Whew! This chapter took much longer to process than I had anticipated. It was mainly because I had to stop every few pages to revisit a concept in linear algebra or probability. So I’m listing out those concepts below in the hope that it will be helpful to anyone attempting this chapter.
- Vector subspaces (the column space, row space, nullspace and left nullspace), their dimensions, and the orthogonality relationships between them.
- Expectation and variance of a random variable and the relationship between them (via the second moment).
- Using Jacobians and first-order approximations.
- Covariance matrices as a measure of uncertainty.
- Generalized least squares.
- Multivariate normal distributions, especially anisotropic ones.
Chapter 12 of the book “Introduction to Linear Algebra” by Gilbert Strang is pretty useful for the last three concepts.

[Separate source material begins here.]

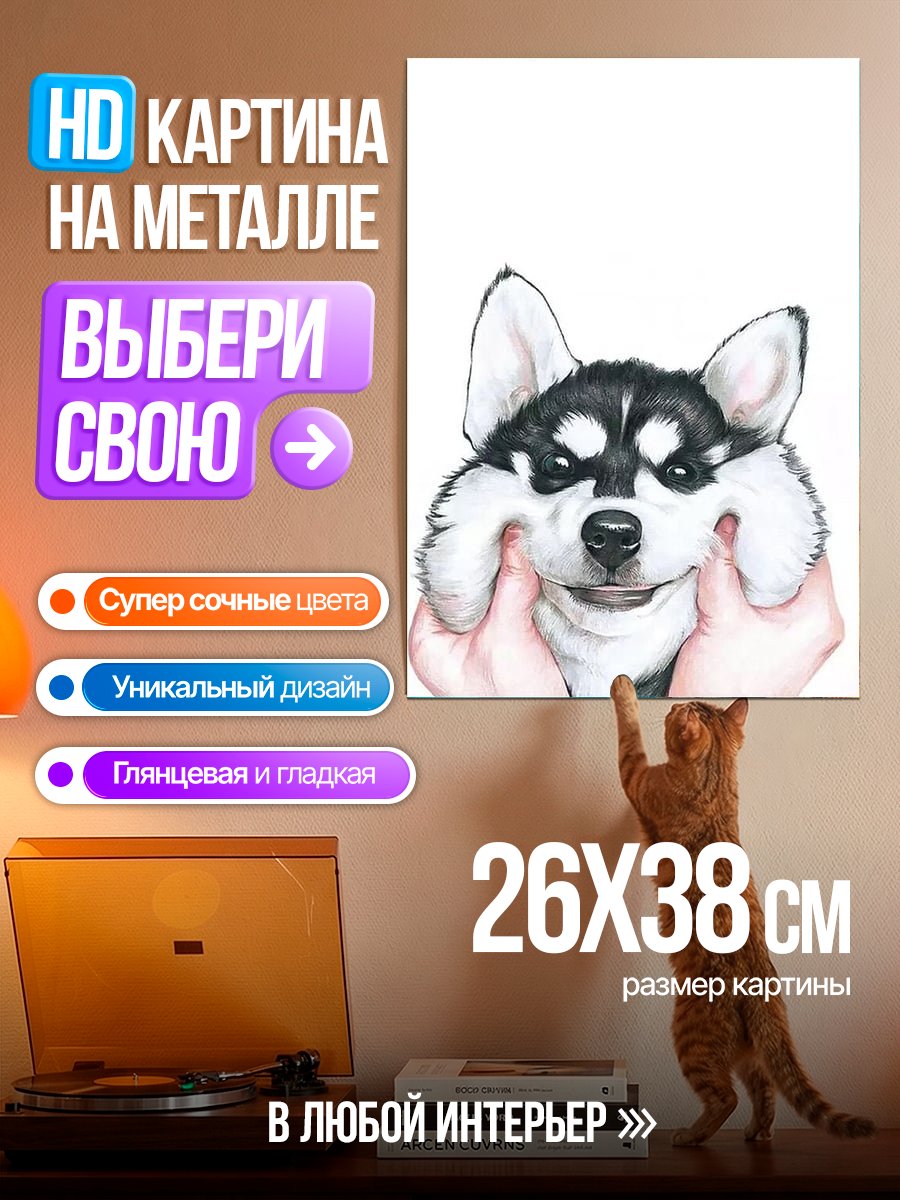 Картина на металле Хаски щенячьи щечки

Apart from the exercise solutions, there are some notes/proofs that I would like to provide to clarify some of the matter in the text.
Derivation of RMS residual and estimation errors.
If you’re wondering, like I did, why the expectation of the squared term equals the variance, this is because of the following rule $$Var(X) = E(X^2) - E(X)^2$$ In this case, the error, by assumption, has zero mean. So, $E(\begin{Vmatrix}X - \hat{X}\end{Vmatrix}) = E(\begin{Vmatrix}\bar{X} - \hat{X}\end{Vmatrix}) = 0$. Hence, we get $$\epsilon^2_{res} = E(\begin{Vmatrix}\hat{X} - X\end{Vmatrix}^2/N) = \frac{1}{N}E(\begin{Vmatrix}\hat{X} - X\end{Vmatrix}^2) \\ = \frac{1}{N}Var(\begin{Vmatrix}\hat{X} - X\end{Vmatrix}) = \frac{1}{N}(N - d)\sigma^2$$ where $\epsilon^2_{res}$ is the Mean Square Error or MSE (not root mean square error RMSE). $RMSE = \sqrt{MSE}$.RMS residual and estimation errors for anisotropic error distributions.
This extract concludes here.